The memo continues on page three:
“Even though [Hersh] has served ably since 1999, there is no guarantee of Mr. Hersh’s re-election,” and it says in this space that this point must be emphasized.
“If USATF were to put him up for election amid all the change cycle, we are more likely to be perceived as backward-looking to the previous administration rather than forward-thinking to the next administration.
“Bob has served actively since 1999, but since that time there has not been a specific action at the IAAF that has actively advanced the interests of American athletes or teams,” and the opinion in this space is that this assertion is indeed the case. Through the Sydney, Athens, Beijing and London Olympics; through world championships in Seville, Edmonton, Paris, Helsinki, Osaka, Berlin, Daegu and Moscow; through BALCO and other doping scandals, including the most recent one that has now taken out the immediate past chair of the USATF athletes’ advisory council and one of the leading sprinters in recent memory, the essential question has always been — what is Bob Hersh doing?
The memo continues:
“With a new IAAF president about to be elected — and all that goes with it — whatever ability Mr. Hersh may have had to [effect] positive action at the IAAF for American athletes is gravely mitigated by the new IAAF circumstances and the changes that will happen this summer. We are not saying Mr. Hersh has done anything wrong. We recognize simply that a new leadership structure and IAAF organizational structure — one that Ms. Hightower has close ties to and excellent relationships with — will soon be in place. As [a] result of all the above considerations, Ms.Hightower is the best candidate.”

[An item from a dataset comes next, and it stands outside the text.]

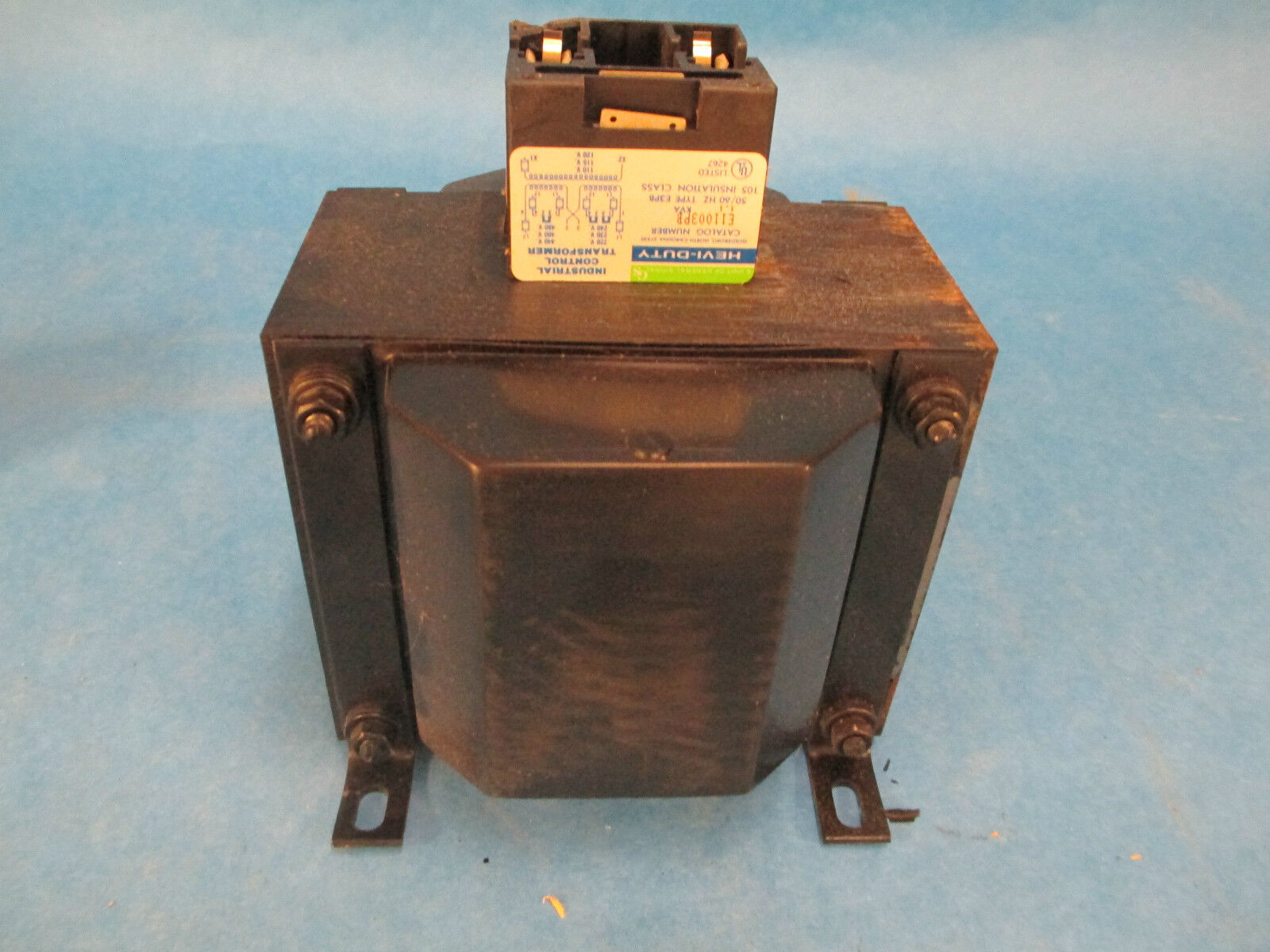 Hevi-Duty Transformer E11003PB 1.1KVA Pri 240/480V Sec 120V Used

The memo observes that in its deliberations the board “openly discussed the [392-70] vote on the floor … and took that recommendation very seriously.” It also “listened to presentations” made by both Hersh and Hightower that were “markedly different in respect to future advancement of the sport.”
The memo says, “The facts we based our decision on were not those that had been discussed — and perhaps not even known — by Annual Meeting attendees in the days leading up to the [vote]. Mr. Hersh had addressed many committee meetings to present the case for himself as USATF’s IAAF Council nominee. It is our understanding that the political changes taking place at the IAAF, and how USATF could most effectively be part of them, were not part of those discussions. Those, however, were the considerations that were the crux of our decision.”
It also says, “We fully understood that our choice of Stephanie Hightower would not be popular among the delegates who voted for Mr. Hersh. We fully understood that our selection was in direct conflict with the recommendation, and that some people would be (and are) very upset by the fact that we didn’t simply accept the recommendation. But we also fully understood that our function was to select the best — and not necessarily the most popular — candidate based on everything we know.”